━━━ Input records ━━━

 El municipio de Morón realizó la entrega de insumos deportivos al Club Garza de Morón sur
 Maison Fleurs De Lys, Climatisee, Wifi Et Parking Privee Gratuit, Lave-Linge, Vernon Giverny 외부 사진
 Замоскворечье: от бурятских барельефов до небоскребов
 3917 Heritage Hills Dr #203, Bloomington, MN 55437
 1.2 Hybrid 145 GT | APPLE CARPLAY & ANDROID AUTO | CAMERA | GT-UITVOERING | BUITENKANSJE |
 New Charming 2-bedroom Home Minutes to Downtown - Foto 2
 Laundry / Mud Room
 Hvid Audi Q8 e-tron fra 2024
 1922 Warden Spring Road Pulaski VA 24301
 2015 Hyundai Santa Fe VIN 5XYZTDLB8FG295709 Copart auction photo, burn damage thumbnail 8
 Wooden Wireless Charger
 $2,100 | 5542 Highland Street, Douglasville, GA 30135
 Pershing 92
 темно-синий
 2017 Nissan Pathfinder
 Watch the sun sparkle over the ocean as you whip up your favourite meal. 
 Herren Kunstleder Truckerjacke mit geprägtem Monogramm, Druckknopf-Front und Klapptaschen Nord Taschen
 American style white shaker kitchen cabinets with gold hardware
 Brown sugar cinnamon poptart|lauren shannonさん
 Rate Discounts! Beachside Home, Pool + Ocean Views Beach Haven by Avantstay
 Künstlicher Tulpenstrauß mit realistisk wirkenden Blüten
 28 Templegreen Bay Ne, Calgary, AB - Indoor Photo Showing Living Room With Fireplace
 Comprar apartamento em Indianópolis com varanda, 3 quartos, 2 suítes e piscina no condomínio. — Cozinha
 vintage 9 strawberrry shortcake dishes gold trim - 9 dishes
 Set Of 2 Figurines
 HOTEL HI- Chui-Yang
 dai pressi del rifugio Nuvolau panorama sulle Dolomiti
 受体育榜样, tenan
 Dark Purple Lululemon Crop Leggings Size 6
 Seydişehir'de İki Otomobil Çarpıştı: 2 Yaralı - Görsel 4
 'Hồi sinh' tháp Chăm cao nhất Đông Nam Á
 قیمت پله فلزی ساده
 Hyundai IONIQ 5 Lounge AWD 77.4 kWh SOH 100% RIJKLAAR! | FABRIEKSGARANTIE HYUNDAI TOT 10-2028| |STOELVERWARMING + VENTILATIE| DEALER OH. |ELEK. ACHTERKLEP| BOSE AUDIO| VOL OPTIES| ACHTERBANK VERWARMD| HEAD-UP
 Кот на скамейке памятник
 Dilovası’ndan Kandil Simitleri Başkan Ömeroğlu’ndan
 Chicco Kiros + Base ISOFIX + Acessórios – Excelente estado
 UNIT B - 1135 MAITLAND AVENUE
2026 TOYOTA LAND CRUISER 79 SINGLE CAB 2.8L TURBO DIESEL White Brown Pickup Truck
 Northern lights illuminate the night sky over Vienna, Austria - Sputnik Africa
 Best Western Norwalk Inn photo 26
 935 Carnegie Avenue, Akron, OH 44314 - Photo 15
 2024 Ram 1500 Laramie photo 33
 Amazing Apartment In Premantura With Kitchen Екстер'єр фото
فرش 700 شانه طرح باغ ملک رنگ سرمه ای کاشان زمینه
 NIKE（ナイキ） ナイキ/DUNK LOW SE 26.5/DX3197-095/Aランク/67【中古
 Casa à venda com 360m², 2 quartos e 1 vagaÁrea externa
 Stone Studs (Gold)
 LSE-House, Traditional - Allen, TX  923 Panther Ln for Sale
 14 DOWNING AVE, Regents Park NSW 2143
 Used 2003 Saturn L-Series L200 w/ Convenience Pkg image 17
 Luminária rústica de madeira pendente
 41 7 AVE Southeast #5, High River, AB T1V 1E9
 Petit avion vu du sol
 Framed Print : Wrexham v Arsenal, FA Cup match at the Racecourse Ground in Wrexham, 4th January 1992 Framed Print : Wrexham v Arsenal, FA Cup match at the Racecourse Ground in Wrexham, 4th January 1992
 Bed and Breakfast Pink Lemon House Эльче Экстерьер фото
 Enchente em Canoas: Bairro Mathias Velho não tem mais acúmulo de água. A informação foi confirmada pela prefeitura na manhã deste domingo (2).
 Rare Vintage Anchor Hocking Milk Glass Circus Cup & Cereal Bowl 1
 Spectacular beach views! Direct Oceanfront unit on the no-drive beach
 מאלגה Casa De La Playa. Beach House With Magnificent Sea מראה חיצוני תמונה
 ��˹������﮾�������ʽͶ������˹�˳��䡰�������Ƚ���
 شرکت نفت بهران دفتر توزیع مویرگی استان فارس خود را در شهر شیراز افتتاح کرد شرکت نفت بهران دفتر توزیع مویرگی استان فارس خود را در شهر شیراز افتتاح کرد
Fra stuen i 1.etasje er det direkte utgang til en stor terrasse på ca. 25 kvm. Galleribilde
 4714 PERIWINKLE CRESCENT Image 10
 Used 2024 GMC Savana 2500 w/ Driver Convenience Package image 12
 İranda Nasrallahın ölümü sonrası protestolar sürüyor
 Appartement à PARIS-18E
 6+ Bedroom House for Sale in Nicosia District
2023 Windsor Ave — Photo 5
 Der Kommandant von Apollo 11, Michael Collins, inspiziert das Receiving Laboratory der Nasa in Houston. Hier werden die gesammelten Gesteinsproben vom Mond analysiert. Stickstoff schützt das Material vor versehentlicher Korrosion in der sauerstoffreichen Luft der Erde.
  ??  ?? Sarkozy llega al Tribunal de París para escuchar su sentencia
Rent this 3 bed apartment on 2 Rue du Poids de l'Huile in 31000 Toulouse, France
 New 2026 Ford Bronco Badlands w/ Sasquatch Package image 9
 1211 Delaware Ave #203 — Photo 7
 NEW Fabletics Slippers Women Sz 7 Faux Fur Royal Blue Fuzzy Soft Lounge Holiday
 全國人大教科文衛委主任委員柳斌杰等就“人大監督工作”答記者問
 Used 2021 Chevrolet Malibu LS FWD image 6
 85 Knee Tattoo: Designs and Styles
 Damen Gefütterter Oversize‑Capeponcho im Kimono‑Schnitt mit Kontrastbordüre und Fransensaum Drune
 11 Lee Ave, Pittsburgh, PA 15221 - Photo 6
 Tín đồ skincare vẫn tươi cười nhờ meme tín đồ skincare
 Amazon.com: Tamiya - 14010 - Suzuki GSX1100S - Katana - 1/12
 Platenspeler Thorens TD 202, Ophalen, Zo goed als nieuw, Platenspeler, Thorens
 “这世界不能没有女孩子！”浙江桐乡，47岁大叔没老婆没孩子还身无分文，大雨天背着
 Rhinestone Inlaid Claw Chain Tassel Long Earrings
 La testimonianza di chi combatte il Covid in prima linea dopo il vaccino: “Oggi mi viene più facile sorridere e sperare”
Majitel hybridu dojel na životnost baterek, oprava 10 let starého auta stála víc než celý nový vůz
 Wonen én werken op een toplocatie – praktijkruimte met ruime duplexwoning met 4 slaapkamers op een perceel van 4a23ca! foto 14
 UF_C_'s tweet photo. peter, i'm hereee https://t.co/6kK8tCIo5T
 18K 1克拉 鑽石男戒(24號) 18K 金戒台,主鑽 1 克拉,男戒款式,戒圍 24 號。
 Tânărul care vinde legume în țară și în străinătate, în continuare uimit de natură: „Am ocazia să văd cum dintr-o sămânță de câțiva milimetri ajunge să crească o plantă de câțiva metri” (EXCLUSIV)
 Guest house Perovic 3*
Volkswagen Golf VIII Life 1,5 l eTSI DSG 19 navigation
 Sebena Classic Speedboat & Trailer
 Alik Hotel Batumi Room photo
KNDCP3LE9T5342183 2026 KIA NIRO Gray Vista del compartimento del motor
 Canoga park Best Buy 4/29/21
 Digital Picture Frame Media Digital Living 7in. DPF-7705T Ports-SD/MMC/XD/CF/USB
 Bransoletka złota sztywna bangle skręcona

━━━

Every line from the top of the material above through the line holding "1922 Warden Spring Road Pulaski VA 24301" should be reproduced word for word, and nothing beyond it.

* [Solution to the exercise]:
 El municipio de Morón realizó la entrega de insumos deportivos al Club Garza de Morón sur
 Maison Fleurs De Lys, Climatisee, Wifi Et Parking Privee Gratuit, Lave-Linge, Vernon Giverny 외부 사진
 Замоскворечье: от бурятских барельефов до небоскребов
 3917 Heritage Hills Dr #203, Bloomington, MN 55437
 1.2 Hybrid 145 GT | APPLE CARPLAY & ANDROID AUTO | CAMERA | GT-UITVOERING | BUITENKANSJE |
 New Charming 2-bedroom Home Minutes to Downtown - Foto 2
 Laundry / Mud Room
 Hvid Audi Q8 e-tron fra 2024
 1922 Warden Spring Road Pulaski VA 24301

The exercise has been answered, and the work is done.